9 In der gegen diesen Bescheid eingebrachten Beschwerde wies der Revisionswerber nochmals auf den Gesundheitszustand seiner Freundin und die Wichtigkeit seiner Unterstützung hin; er beantragte die Einvernahme seiner Freundin als Zeugin dazu. Bereits im Hinblick auf dieses Vorbringen und diesen Beweisantrag durfte das Verwaltungsgericht nicht von einem geklärten Sachverhalt gemäß § 21 Abs. 7 BFA VG ausgehen, sondern es hätte nach den oben dargestellten Kriterien eine mündliche Verhandlung durchführen müssen.
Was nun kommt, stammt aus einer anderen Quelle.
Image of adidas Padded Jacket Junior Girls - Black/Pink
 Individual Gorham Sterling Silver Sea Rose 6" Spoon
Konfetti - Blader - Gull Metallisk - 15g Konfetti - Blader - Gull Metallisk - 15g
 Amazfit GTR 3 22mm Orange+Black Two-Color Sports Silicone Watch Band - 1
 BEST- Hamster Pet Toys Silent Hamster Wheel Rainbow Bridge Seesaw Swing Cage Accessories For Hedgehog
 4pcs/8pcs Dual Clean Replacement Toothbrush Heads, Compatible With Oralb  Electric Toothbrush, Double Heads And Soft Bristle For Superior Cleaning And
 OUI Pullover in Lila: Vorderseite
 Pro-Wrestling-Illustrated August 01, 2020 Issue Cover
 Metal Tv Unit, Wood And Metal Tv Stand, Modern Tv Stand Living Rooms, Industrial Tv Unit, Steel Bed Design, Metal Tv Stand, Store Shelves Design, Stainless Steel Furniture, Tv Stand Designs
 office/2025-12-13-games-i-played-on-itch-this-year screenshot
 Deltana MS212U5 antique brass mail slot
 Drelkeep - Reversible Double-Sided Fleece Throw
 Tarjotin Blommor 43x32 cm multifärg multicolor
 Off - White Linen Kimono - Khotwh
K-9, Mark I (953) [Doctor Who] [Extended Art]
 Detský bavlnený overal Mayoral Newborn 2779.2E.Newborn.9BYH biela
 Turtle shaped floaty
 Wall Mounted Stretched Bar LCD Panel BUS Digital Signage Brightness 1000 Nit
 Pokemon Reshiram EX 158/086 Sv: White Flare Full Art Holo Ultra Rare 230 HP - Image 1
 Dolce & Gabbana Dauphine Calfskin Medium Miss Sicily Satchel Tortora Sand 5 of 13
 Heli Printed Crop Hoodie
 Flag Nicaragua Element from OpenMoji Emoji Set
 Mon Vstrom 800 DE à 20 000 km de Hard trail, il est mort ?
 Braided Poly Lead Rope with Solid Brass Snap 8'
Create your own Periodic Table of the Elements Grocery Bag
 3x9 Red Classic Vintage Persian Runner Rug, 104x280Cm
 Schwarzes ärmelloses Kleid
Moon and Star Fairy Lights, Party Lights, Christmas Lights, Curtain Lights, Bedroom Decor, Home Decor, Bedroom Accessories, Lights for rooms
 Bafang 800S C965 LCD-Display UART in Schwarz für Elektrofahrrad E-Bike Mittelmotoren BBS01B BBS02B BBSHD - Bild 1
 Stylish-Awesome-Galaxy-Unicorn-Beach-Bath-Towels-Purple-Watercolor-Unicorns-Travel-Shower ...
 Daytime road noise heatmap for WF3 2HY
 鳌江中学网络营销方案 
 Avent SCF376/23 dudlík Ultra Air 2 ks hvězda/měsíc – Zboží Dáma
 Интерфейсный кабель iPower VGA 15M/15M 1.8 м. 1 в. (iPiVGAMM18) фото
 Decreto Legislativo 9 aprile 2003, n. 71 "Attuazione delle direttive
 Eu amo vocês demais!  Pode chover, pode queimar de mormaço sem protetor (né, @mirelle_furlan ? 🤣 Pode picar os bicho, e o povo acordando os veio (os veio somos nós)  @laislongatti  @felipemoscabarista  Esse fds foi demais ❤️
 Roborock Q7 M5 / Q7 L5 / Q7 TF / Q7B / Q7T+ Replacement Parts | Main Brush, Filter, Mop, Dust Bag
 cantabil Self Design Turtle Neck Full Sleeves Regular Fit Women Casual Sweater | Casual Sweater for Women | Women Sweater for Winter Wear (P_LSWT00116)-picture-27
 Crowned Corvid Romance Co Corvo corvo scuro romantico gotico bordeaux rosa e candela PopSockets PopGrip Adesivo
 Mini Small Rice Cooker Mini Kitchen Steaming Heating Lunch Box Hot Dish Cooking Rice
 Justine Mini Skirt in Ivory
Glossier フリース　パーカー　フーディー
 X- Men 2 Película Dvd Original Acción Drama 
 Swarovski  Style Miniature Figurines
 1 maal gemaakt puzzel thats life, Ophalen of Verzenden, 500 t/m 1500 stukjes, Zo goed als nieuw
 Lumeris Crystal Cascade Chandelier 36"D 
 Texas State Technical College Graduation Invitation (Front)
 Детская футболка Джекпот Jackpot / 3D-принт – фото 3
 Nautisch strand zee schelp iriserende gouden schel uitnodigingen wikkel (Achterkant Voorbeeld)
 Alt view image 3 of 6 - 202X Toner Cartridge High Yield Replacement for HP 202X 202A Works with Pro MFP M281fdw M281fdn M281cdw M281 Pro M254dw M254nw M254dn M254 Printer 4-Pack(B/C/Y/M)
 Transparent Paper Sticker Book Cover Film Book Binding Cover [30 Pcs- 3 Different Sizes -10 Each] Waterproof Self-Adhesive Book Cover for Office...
10 Darüber hinaus führt das Verwaltungsgericht im angefochtenen Erkenntnis ohne irgendeine Bezugnahme auf die behauptete psychische Erkrankung der Freundin des Revisionswerbers sowie die vorgebrachte Wichtigkeit der Unterstützung durch den Revisionswerber aus, dass von einem besonderen Abhängigkeitsverhältnis angesichts (ausschließlich) des Umstandes, dass der Revisionswerber von der Grundversorgung lebe und selbst angegeben habe, keine finanziellen Mittel zu haben, um „seine Partner“ zu unterstützen, nicht auszugehen sei.

11Die Missachtung der Verhandlungspflicht führt im Anwendungsbereich des Art. 6 EMRK und wie hierdes Art. 47 GRC zur Aufhebung wegen Rechtswidrigkeit infolge Verletzung von Verfahrensvorschriften, ohne dass die Relevanz dieses Verfahrensmangels geprüft werden müsste (vgl. etwa neuerlich VwGH 14.8.2024, Ra 2022/17/0061, mwN).

12Das angefochtene Erkenntnis war schon deshalb gemäß § 42 Abs. 2 Z 3 lit. b und c VwGG wegen Rechtswidrigkeit infolge Verletzung von Verfahrensvorschriften zur Gänze aufzuheben.

13Von der Durchführung der beantragten Verhandlung vor dem Verwaltungsgerichtshof konnte gemäß § 39 Abs. 2 Z 3 VwGG abgesehen werden.

14Der Ausspruch über den Aufwandersatz stützt sich auf die §§ 47 ff VwGG in Verbindung mit der VwGH Aufwandersatzverordnung 2014.